** EXCERPTED DATA follows **

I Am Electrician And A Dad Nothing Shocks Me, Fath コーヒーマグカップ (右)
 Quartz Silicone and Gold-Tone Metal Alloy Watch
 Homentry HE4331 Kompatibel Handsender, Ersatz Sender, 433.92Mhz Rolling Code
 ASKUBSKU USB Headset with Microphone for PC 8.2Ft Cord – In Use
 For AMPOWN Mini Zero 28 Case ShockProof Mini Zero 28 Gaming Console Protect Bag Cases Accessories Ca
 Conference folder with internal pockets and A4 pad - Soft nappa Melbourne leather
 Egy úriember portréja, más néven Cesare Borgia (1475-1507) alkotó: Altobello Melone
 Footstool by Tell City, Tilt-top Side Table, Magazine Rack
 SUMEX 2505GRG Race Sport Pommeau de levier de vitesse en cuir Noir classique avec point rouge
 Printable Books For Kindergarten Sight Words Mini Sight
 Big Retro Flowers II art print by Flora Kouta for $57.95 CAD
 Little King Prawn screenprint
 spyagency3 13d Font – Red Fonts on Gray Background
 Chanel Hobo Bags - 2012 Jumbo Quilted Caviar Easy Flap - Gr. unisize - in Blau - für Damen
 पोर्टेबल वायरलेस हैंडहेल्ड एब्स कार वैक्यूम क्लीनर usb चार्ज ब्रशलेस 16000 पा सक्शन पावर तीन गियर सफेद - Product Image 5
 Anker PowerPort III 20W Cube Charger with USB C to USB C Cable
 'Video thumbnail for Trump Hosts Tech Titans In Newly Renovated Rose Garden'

** End of EXCERPTED DATA **

- [WHAT IS EXPECTED]: Nothing but a number should be returned: how many lines of the listing include "with".

- [ANSWER TO THIS TASK]: 3